Marc Fiorentino, CEO de Euroland Finance, quant à lui, ne tarit pas d’éloges sur Alternext dès les premières phrases de son intervention.

« Je commence par la conclusion : c’est de dire qu’aujourd’hui on peut répondre à la question : est-ce qu’Alternext est un succès ? Indéniablement c’en est un ! On me demande aussi très souvent : est-ce que c’est le nouveau « nouveau marché » ? Est-ce que dans 2 ou 3 ans on va se retrouver avec un marché qui va disparaître ? Je crois qu’on peut dire aujourd’hui sans s’avancer que son succès et sa pérennité sont assurés. » M.Fiorentino

Jusqu’à présent Alternext avait subit peu d’épreuves et les progressions de 180% étaient allégrement mises en avant. Marc Fiorentino, se dit content de faire cette présentation après les dix jours d’agitation que viens de connaître la communauté financière, et souligne la résistance du marché suite à cette période difficile. Il est revenu sur la restructuration de la côte qui avait permis – entre le marché libre (qualifié de « far west ») et un marché de plus en plus réglementé – la création d’Alternext selon l’exemple anglais de l’Alternative Investment Market (AIM). L’AIM étant le plus gros succès de la bourse de Londres, avec plus de 3000 sociétés côtées, la création du marché français sur le même modèle n’était donc pas un pari risqué. Ce qui est intéressant c’est l’engouement qu’il a généré : Alternext a incontestablement la vedette en terme d’introductions !
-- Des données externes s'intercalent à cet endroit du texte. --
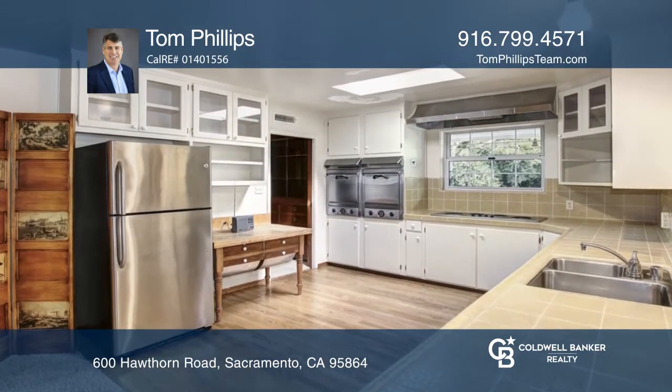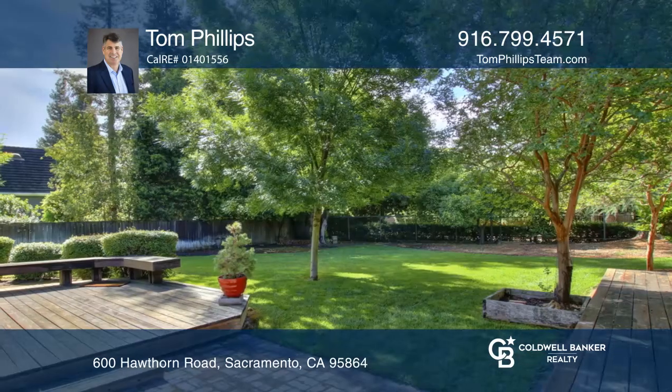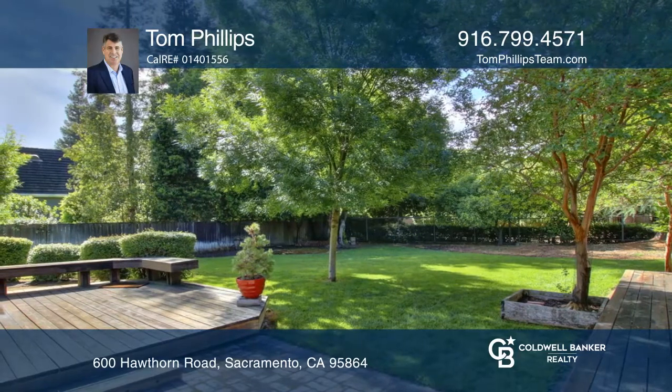Enjoy a formal sitting room, a separate formal dining room, and an additional family room added on with wood beams. This sizable lot has plenty of space for outdoor entertaining.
Aujourd’hui il y a deux façons de rentrer sur Alternext : par cotation directe, en quelque sorte par placements privés sans passer par la case AMF ou par appel public à l’épargne.

« A un moment ou à un autre il va falloir passer par la case AMF, le choix est donc de se dire : est-ce qu’on va directement à la case AMF (et dans ce cas on fait une introduction avec appel public à l’épargne) ?… ou est-ce qu’on passe par la case placement privé et on envisagera par la suite un appel public à l’épargne ? Si l’entreprise est bien organisée, si il y a des financiers dans le capital qui demandent déjà de faire du reporting régulier, si le staff comptable, juridique… est suffisant, il vaut mieux aller directement à la case appel public à l’épargne. » M.Fiorentino

Avant de s’introduire, les entrepreneurs se posent de nombreuses questions relative à leur taille, leur capitalisation et au marché le plus adapté. Actuellement de nombreuses sociétés, même si elles ont les critères pour aller sur l’Eurolist, s’orientent vers Alternext. Le niveau de réglementation de l’Eurolist aujourd’hui est un « repoussoir » pour les sociétés de taille moyenne, dont la capitalisation potentielle est inférieure à 100 ou 150 millions d’euros. On pourrait opposer à ce choix la frilosité des étrangers à investir sur un marché non réglementé. Or les étrangers, les anglo-saxons surtout avec l’AIM, sont déjà très habitués à la notion de « regulated » ou « non regulated », à un marché réglementé mais non régulé et ce n’est donc pas un obstacle à leur investissement.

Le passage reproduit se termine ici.